Here is a brief meditation exercise you can experiment with to explore mindfulness of thoughts and maybe you can become more aware of what you are thinking.

Exercise:  What am I Thinking?

Time: 10 + minutes

NOTE: One of the methods of developing mindfulness of thoughts and thinking is to note when thinking and thoughts take you away from your breath, or another attentional object of meditation.  If you have explored mindfulness practices that focus on the breath or body, thoughts and thinking take you away from the object of attention.  In this exercise, we will note the content of the thoughts that distract you.  Remember it is the nature of mind to think a lot and that you are not doing anything wrong when this happens.  Rather, you are developing the capacity to see the thoughts as they come and go. As observable events.  Try this practice several times over the next week, or as often you like.

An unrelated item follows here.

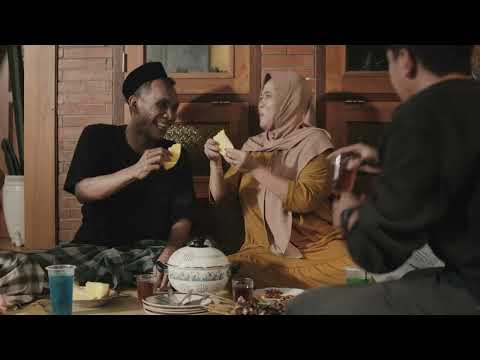 BEDA CARANYA SAMA RASANYA, IDUL ADHA 1447 H | Sukun Special Baru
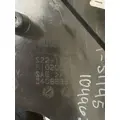 KENWORTH T660 Steering Column thumbnail 5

1). Determine the length of time you would like to meditate.  Ten minutes or more is recommended.  Set a timer if you like.

2). Begin by coming to a comfortable seated position in a chair, on a cushion, or laying down if that is best for you to find stillness and ease in your body. Lowering your gaze or closing your eyes.  Turn your attention inward.  

3). Begin by taking 3-5 conscious breathes, a little deeper and fuller than natural to help direct your attention inside and relax into stillness.

4). Feel your body and notice if it is comfortable.  Adjust as you need to find ease and comfort.

5). Begin to pay attention to the natural breath and focus on sensing the movement of breath in and out of your body for a few minutes.

6). When you notice that the focus of attention on the breath has wandered, notice what distracted you.  It may be a sound, or a body sensation, or a thought.

7). As you notice what the thoughts are that drew your attention away, label it or categorize it:  Is it a memory?  Is it about the future?  Is it a worry?  Is it a judgement?

8). Return your focus to the breath.  

9). Continue to note and observe your thoughts for the remainder of the practice, returning to your breath each time.

Reflect: After you practice this exercise several times consider:
     -What types of thoughts are common for you?
     -Are you able to let a thought go?
     – What types of thoughts are harder to let go?